*Directions*.
In the records below, find the line with "Heroic Anime Character", then copy each line exactly until you have copied the line with "Safavieh Arizona 214". Leave any picture out.

*Supplied material*.
----------------

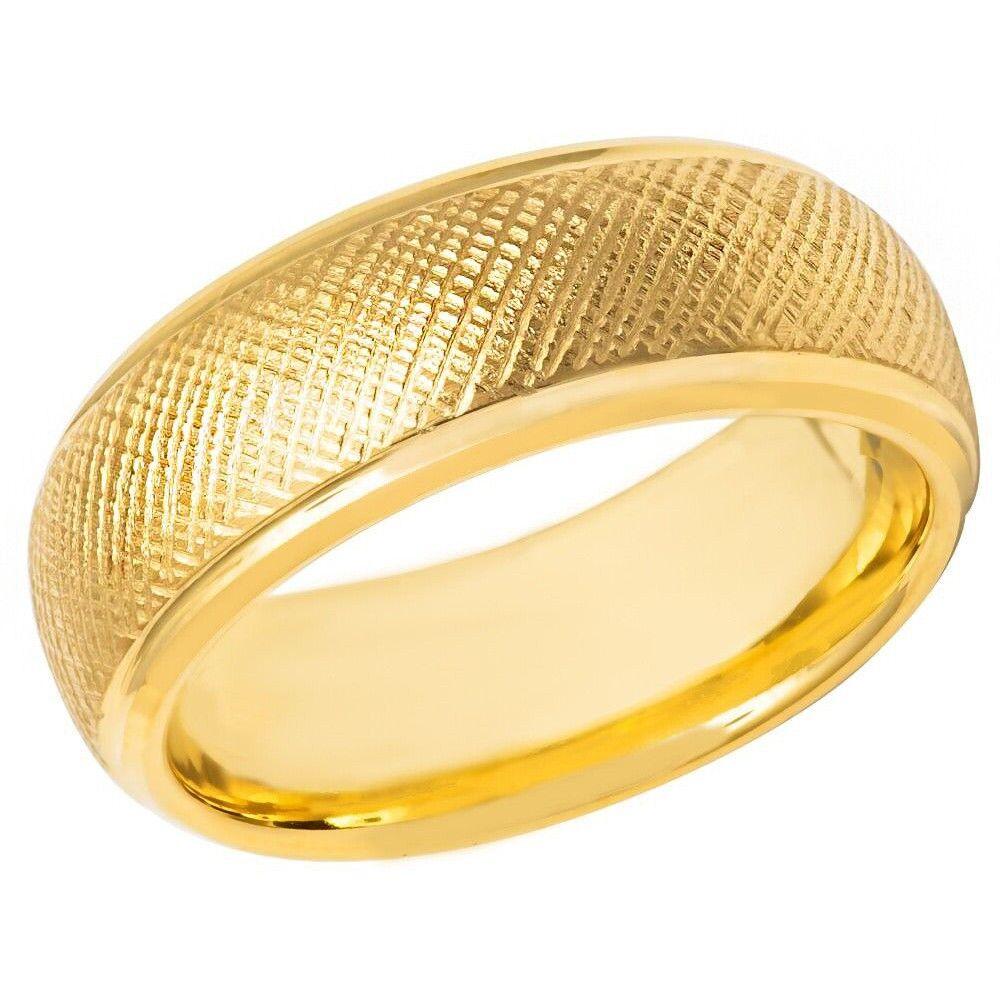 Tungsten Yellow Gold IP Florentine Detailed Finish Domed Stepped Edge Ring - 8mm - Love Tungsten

----------------

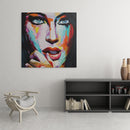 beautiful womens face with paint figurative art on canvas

----------------

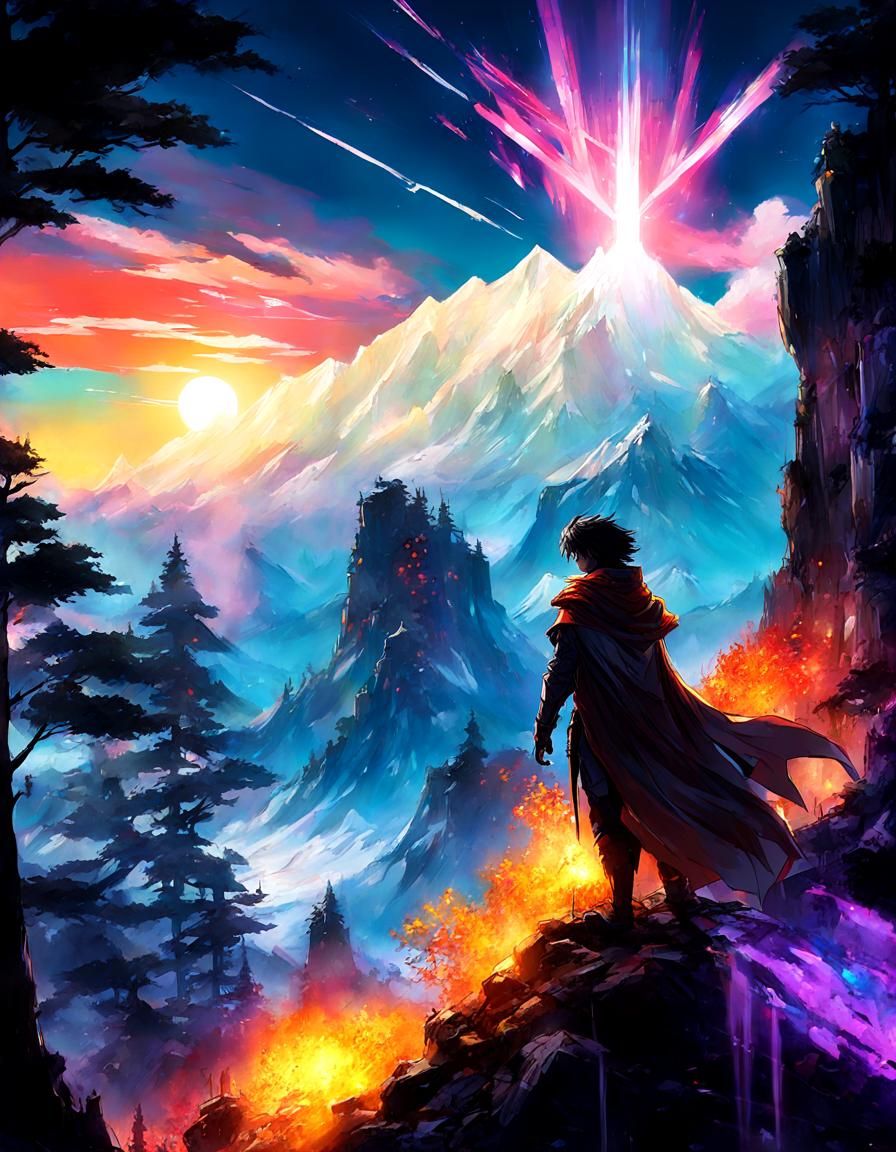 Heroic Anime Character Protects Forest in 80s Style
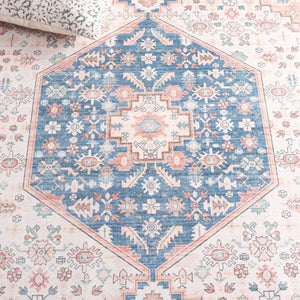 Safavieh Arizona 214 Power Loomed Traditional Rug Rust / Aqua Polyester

----------------

*Completed task*.
 Heroic Anime Character Protects Forest in 80s Style
 Safavieh Arizona 214 Power Loomed Traditional Rug Rust / Aqua Polyester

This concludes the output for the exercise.